Vecinos del tramo del Cuarto Cinturón Vial, en la salida hacia León en Irapuato, reportan un aumento de asaltos y robos que afecta la seguridad cotidiana de las familias de la zona. La percepción de riesgo es alta entre quienes habitan los fraccionamientos aledaños.
Los hechos, en su mayoría cometidos por personas a bordo de motocicletas, han quedado registrados en videos de cámaras de seguridad que circulan entre residentes. Señalan que la presencia de patrullajes de la Policía Municipal es rara o insuficiente en ese tramo.
Habitantes describen que la baja densidad de viviendas y la escasa actividad en las vías facilitan los robos, y que los agresores aprovechan los espacios solitarios cerca de las entradas a los fraccionamientos. Dentro de las privadas, la vigilancia privada evita incidentes, pero los ataques ocurren antes de acceder a los accesos controlados.
Un video difundido por grupos de vecinos muestra a dos ocupantes de una motocicleta que intentan asaltar a los ocupantes de un vehículo a la entrada de un fraccionamiento; al no detenerse el conductor, el robo no se consumó.
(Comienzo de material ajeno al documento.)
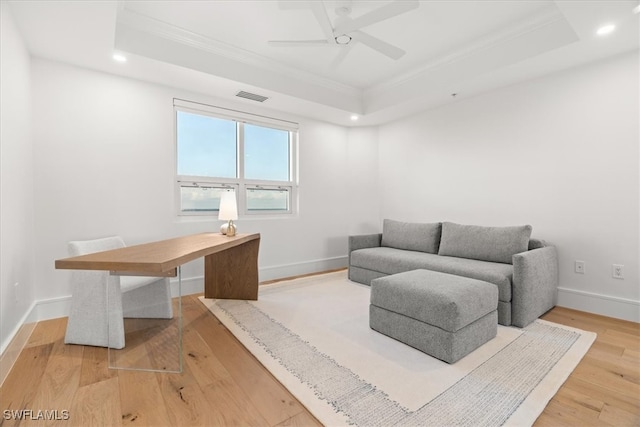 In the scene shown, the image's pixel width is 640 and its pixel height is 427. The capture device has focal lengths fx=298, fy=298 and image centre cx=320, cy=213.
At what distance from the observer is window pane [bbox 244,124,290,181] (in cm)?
393

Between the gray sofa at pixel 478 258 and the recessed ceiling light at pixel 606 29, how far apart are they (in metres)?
1.63

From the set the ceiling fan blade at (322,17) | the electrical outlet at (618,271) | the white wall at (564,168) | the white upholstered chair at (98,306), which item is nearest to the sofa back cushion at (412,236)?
the white wall at (564,168)

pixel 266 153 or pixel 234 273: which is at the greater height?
pixel 266 153

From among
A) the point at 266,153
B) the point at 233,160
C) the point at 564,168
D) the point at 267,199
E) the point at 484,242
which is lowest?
the point at 484,242

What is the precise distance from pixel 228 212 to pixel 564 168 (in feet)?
11.0

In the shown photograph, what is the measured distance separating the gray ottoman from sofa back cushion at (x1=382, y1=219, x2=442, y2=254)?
137cm

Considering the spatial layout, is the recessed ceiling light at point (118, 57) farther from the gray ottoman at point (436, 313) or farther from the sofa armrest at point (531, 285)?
A: the sofa armrest at point (531, 285)

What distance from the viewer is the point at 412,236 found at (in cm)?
379

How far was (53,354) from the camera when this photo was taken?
1.97 meters

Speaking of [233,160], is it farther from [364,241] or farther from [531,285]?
[531,285]

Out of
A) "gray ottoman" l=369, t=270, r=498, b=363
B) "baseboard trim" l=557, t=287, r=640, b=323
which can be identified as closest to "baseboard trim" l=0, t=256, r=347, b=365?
"gray ottoman" l=369, t=270, r=498, b=363

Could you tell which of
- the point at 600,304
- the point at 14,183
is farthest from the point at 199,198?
the point at 600,304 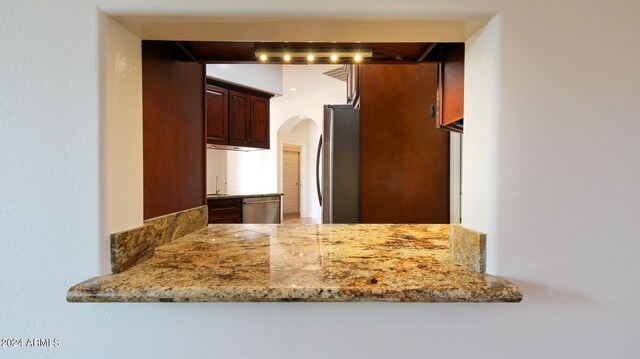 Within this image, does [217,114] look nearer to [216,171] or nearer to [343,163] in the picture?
[343,163]

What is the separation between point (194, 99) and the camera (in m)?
1.23

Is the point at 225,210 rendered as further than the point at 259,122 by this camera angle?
No

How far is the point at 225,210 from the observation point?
3461mm

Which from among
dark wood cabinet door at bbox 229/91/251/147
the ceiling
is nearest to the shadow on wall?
dark wood cabinet door at bbox 229/91/251/147

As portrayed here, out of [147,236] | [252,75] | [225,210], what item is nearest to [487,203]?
[147,236]

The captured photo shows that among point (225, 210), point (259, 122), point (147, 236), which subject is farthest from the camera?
point (259, 122)

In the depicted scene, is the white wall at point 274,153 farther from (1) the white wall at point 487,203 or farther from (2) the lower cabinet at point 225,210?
(1) the white wall at point 487,203

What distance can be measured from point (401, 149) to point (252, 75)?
270 cm

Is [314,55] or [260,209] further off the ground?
[314,55]

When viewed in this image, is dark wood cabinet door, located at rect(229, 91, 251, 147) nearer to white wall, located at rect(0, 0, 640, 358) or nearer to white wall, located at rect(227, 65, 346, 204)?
white wall, located at rect(227, 65, 346, 204)

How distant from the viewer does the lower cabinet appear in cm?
330

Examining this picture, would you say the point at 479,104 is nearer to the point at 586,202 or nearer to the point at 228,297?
the point at 586,202

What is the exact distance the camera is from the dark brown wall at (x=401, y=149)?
6.37ft

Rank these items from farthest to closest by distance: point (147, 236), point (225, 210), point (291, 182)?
point (291, 182) → point (225, 210) → point (147, 236) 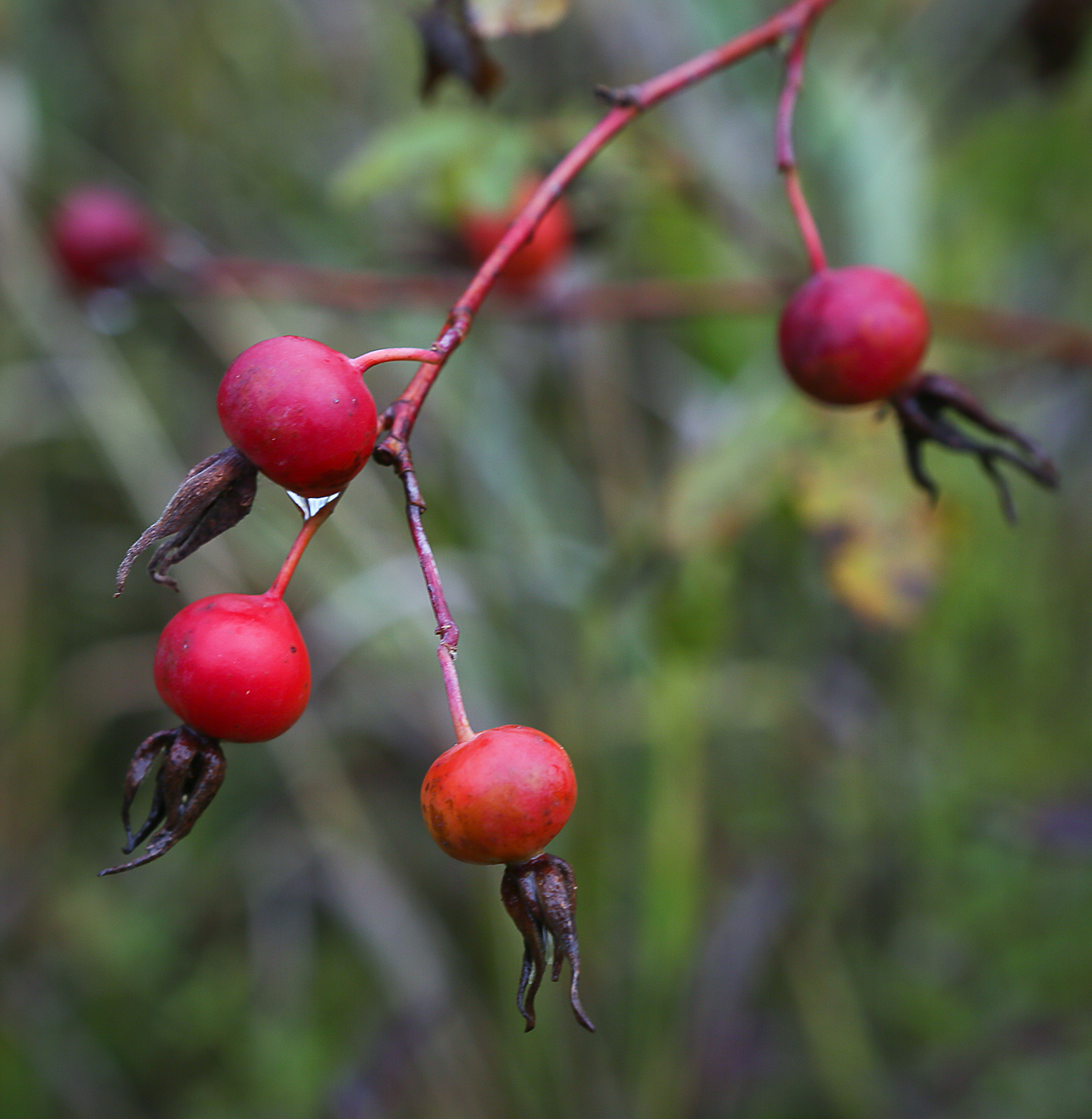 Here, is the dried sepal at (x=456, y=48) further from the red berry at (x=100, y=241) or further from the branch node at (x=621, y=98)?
the red berry at (x=100, y=241)

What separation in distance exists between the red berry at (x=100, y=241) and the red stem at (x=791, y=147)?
3.77ft

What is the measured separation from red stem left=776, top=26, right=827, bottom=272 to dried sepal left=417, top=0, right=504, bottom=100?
228 millimetres

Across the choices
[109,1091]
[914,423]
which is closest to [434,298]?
[914,423]

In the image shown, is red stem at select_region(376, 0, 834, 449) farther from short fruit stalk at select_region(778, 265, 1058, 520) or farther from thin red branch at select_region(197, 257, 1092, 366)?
thin red branch at select_region(197, 257, 1092, 366)

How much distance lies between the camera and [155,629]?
2.25 metres

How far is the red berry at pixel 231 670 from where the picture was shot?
48cm

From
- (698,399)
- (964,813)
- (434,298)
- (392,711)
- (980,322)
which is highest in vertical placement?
(434,298)

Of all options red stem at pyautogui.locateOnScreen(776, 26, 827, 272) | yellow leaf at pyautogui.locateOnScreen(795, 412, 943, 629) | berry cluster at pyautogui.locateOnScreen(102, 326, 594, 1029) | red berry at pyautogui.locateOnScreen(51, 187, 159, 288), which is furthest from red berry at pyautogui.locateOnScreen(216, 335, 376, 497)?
red berry at pyautogui.locateOnScreen(51, 187, 159, 288)

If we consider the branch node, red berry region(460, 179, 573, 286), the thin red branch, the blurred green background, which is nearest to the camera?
the branch node

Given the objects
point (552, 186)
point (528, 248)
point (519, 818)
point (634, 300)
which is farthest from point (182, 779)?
point (528, 248)

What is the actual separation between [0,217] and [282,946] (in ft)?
4.74

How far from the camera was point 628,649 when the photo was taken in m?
1.47

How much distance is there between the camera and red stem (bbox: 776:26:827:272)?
26.3 inches

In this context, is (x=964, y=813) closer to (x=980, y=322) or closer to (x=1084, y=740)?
(x=1084, y=740) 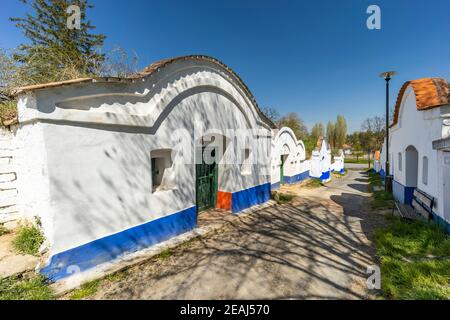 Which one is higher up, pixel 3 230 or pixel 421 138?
pixel 421 138

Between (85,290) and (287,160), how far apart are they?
1348cm

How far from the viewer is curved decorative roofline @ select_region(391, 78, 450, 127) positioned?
5480mm

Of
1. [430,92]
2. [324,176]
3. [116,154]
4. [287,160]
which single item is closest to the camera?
[116,154]

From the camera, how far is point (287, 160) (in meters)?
14.9

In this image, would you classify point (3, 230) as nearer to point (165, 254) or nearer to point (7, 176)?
point (7, 176)

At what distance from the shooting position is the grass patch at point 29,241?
143 inches

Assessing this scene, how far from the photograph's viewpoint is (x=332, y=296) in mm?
3287

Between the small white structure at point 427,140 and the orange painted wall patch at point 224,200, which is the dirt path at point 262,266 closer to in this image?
the orange painted wall patch at point 224,200

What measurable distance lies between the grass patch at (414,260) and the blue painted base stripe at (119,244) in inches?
172

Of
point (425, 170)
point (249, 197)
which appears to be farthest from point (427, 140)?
point (249, 197)

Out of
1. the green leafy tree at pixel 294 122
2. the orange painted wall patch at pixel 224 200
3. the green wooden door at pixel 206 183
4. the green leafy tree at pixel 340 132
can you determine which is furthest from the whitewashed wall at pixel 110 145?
the green leafy tree at pixel 340 132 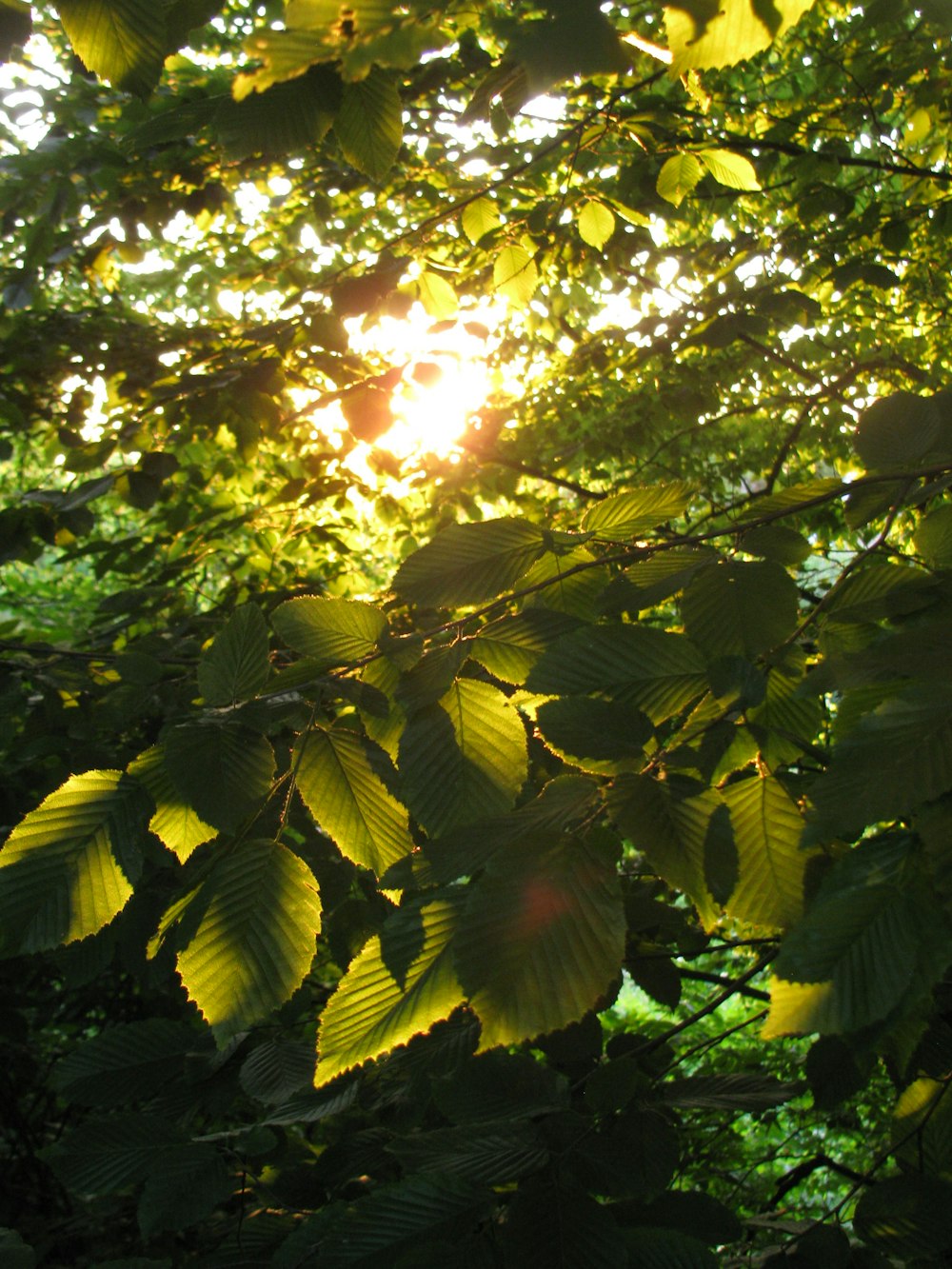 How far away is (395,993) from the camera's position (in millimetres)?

Los testimonios indican que las patrullas que circulan por el bulevar transitan a alta velocidad y no realizan rondines efectivos.
Diversos residentes demandan mayor iluminación y patrullajes constantes, y expresan temor a salir o regresar a deshoras por la posibilidad de ser víctimas de robo. Solicitan además esquemas de coordinación entre vigilancia privada y autoridades municipales para intervenir antes de los accesos a las privadas.
Medios locales contactaron a la Secretaría de Seguridad Ciudadana de Irapuato para conocer reportes y acciones de prevención en la zona, pero no se obtuvo respuesta oficial sobre los robos reportados en el Cuarto Cinturón Vial.
Paralelamente, informes técnicos sobre siniestralidad vial en esa arteria indican un promedio de un accidente por semana y señalan dos decesos en el último año. Las características geométricas del tramo —pendientes y curvas cerradas— y el exceso de velocidad facilitan la pérdida de control y las colisiones contra muros de contención.
Autoridades plantean reforzar la señalización, instalar reductores de velocidad y evaluar auditorías viales para corregir fallas de diseño; expertos proponen además vigilancia por radar como método para moderar el flujo vehicular. Vecinos sostienen que la combinación de medidas de infraestructura y patrullaje es necesaria para reducir tanto la delincuencia como la siniestralidad.